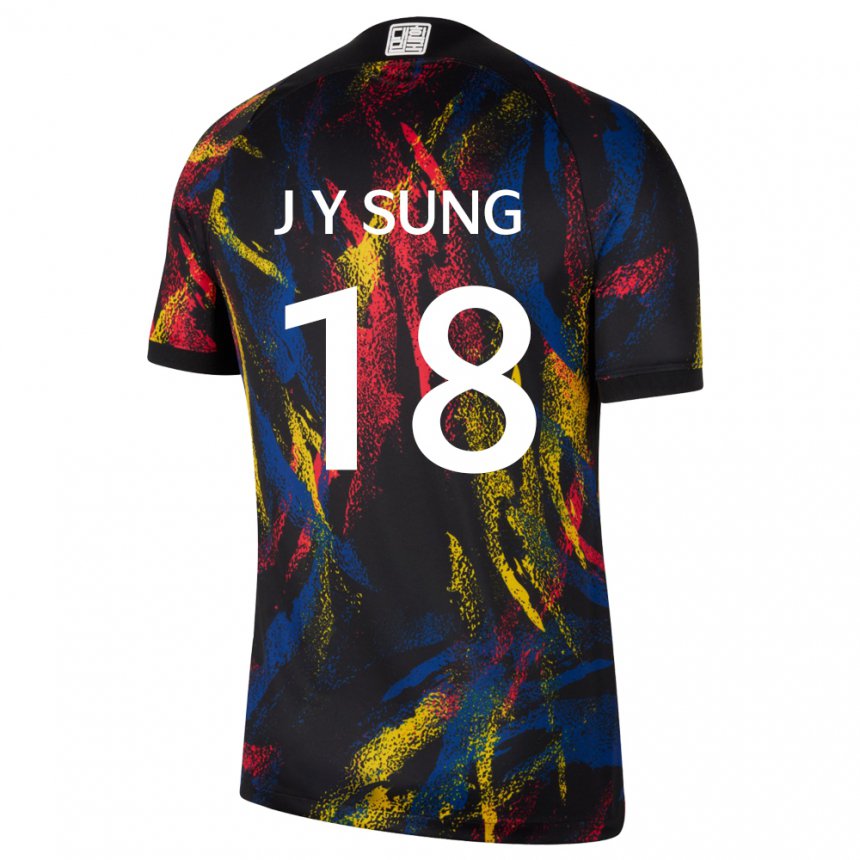 Miesten Etelä-korean Sung Jin Young #18 Monivärinen Vieraspaita 22-24 Lyhythihainen Paita T-paita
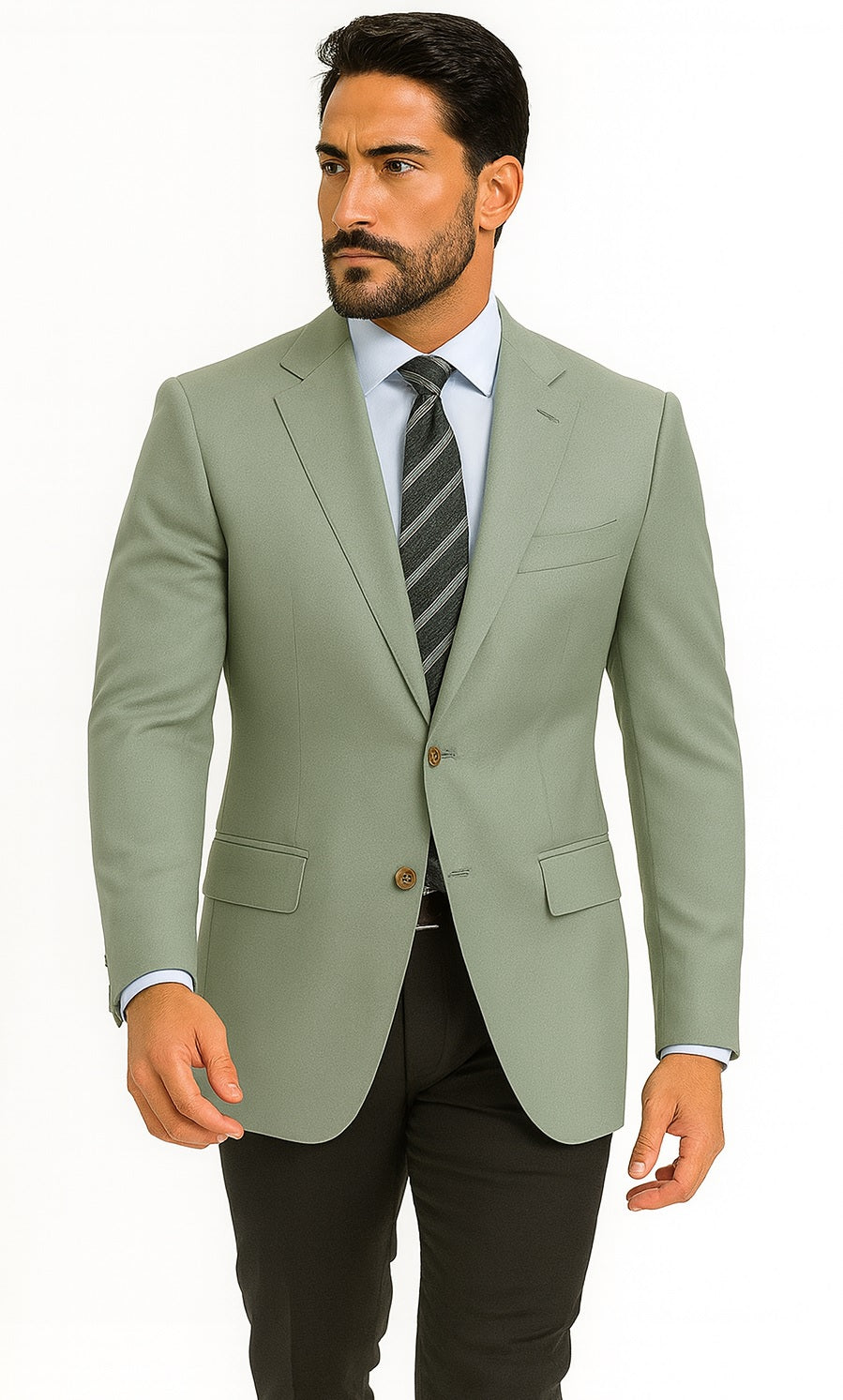 Mens Blazer Classic Fit Sport Coat Two Buttons Lightweight Suit Jacket Iceberg Green USA Men's Outlet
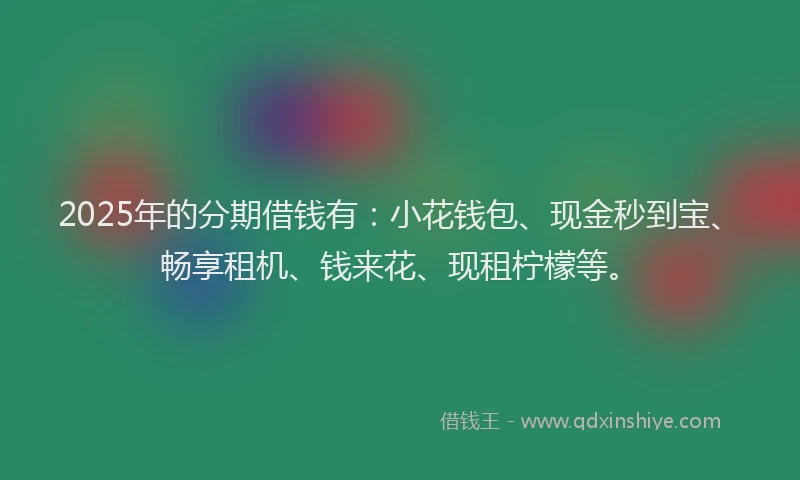 2025年的分期借钱有：小花钱包、现金秒到宝、畅享租机、钱来花、现租柠檬等。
********************
### What the task requires
When you retype the material above, copy each line exactly and drop whatever images appear in it.

### Result of this exercise
 Miesten Etelä-korean Sung Jin Young #18 Monivärinen Vieraspaita 22-24 Lyhythihainen Paita T-paita
 Mens Blazer Classic Fit Sport Coat Two Buttons Lightweight Suit Jacket Iceberg Green USA Men's Outlet
 2025年的分期借钱有：小花钱包、现金秒到宝、畅享租机、钱来花、现租柠檬等。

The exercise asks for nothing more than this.